[Web page caption snippets]

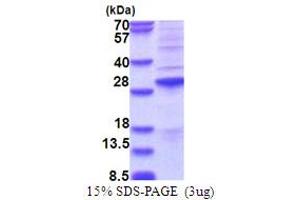 SDS-PAGE (SDS) image for Synovial Sarcoma, X Breakpoint 2 (SSX2) (AA 1-188) protein (His tag) (ABIN6387445)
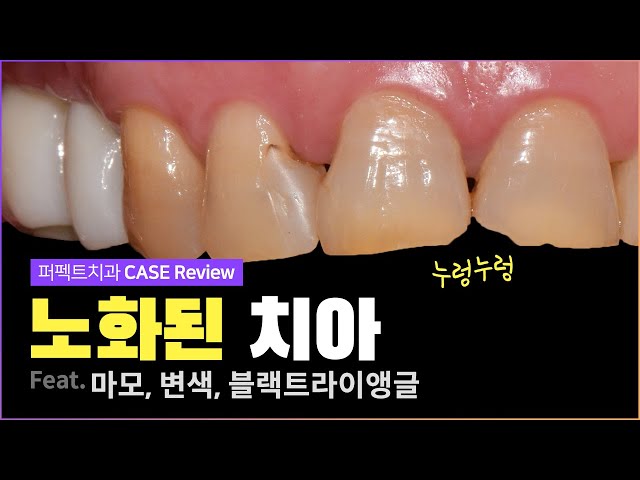 노화된 치아 마모,변색,블랙트라이앵글 | 복합적인 CASE💦
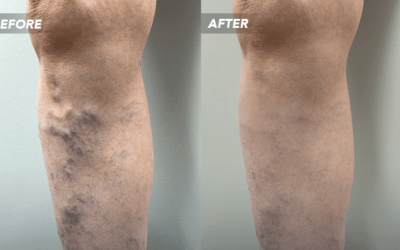 Consult Dr. Jung for Sclerotherapy In or Near Texas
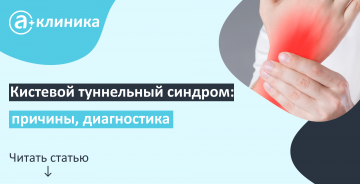 Кистевой туннельный синдром: причины, диагностика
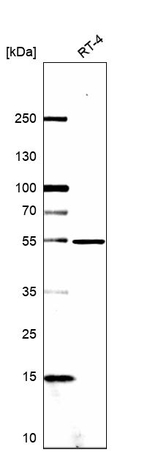 MDMX Antibody in Western Blot (WB)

• **To do**
Output exactly and only the lines from the line containing "Consult Dr. Jung" to the end of the entries, both included, and omit every picture.

• **Response for this exercise**
 Consult Dr. Jung for Sclerotherapy In or Near Texas
 Кистевой туннельный синдром: причины, диагностика
 MDMX Antibody in Western Blot (WB)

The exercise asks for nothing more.